I am so excited to move the ball on this point. CONTENT in closed network environments has to become TARGETED AND RELEVANT ENTERTAINMENT. Otherwise, we lose this great opportunity to create a revenue model that works for big brands.

Stick to your knitting

Easy to get hooked by the fast pace of the market. Seems every day I am reading about the "next big innovation" in Digital Signage. I am trying to stay focused to what I know: programming development and television production. And the landscape I see up ahead: these closed network environments are soon going to be clamoring for compelling, relevant, targeted ENTERTAINMENT.

We have a companion vision: we think that the technology has become so user-friendly that we can go in and teach "network environments" to program their own content. We will be there to offer content packages but a fare amount of their content will be self-generated. It has become so easy.

In the American Indian communities this translates to community members taping their own Tribal Council meetings or documenting their own languages or high school basketball games.

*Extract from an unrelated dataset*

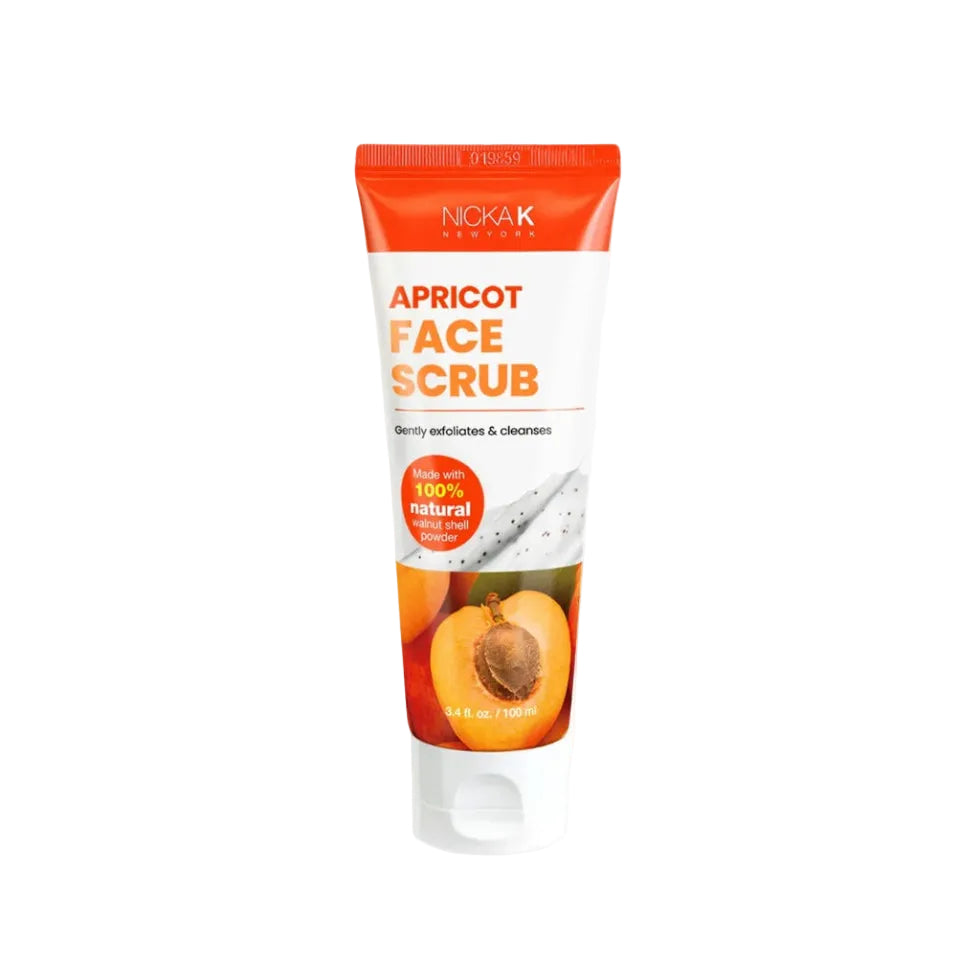 nicka k apricot strawberry face scrub 100ml exfoliating deep cleansing cleanser for smooth bright and refreshed glowing skin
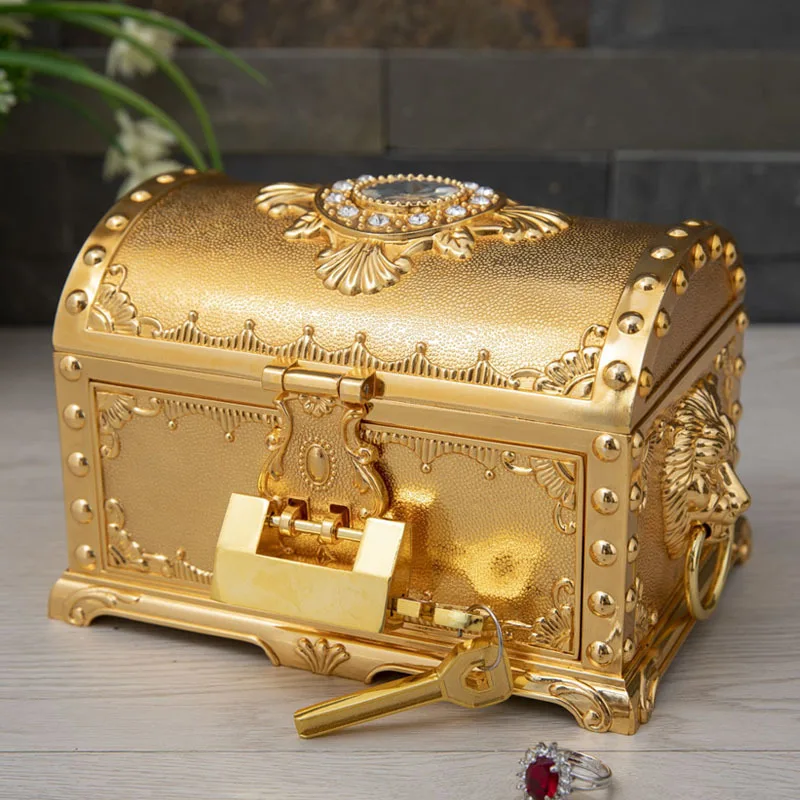 

Luxury Bronze Double Layers Metal Jewelry Organizer With Drawer Golden Storage Box For Women's GiftZ222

In Home Depot, it might mean Team Members being taped giving a tutorial on fixing the garbage disposal.

This kind of TARGETED ENTERTAINMENT is the future of Digital Signage. It has to be. How many commercials do people need to see before those screens all over the store become like the grandfather clock ding-donging every fifteen minutes in the corner. No one is listening to that either.

In order to reach the audience, you must create content that creates connection.

So.... we are trying to stay above the fray of the delivery systems and the new delivery systems and the new, new, new widgets and 'stick to our knitting': innovative ways to create content that connects.

We all know that the big ad money will follow.....

6.14.2007

In the land of the blind, a one-eyed man is king.

The more I read and surf and talk to people in the DIGITAL SIGNAGE industry, the more convinced I am that no one knows anything. People seem to think that advertising is the name of the game. It can't be! In 1949, my mentor Bob Banner started in TV. This was before TV was in homes. TV's were in stores! People couldn't afford them so they would gather at stores to watch important events. TV Entertainment was invented in order to fill the time between commercials. Advertisers STARTED television. Advertisements still PAY for television. Why can't closed networks or digital signage become the new frontier? Why can't closed networks start providing ad-supported entertainment? It will be TARGETED in a way TV could never manage to do in the early days. Not until CABLE came and provided all the niche markets, which again are ad supported. Advertisers are thrilled to buy time on HGTV because they KNOW WHO WATCHES IT!

Digital Signage will become the next iteration of this. Otherwise people will simply stop paying attention.

6.12.2007

Targeted Entertainment for Closed Networks

Attended the Digital Signage Expo last month as a television producer on a recon mission. What was all this "digital signage" hubbub? A month later, I have started gathering resources and partnerships towards plugging up the vacuum that the fragmented environment is spinning around in.

It is a world dominated by hardware wonks and software wonks and advertising wonks and retailers and merchandisers. What seems to be missing is the CONTENT piece. No one is going to tolerate ads as content. And one can only watch so much CNN and weather before crying uncle (or more likely, turn that thing off!).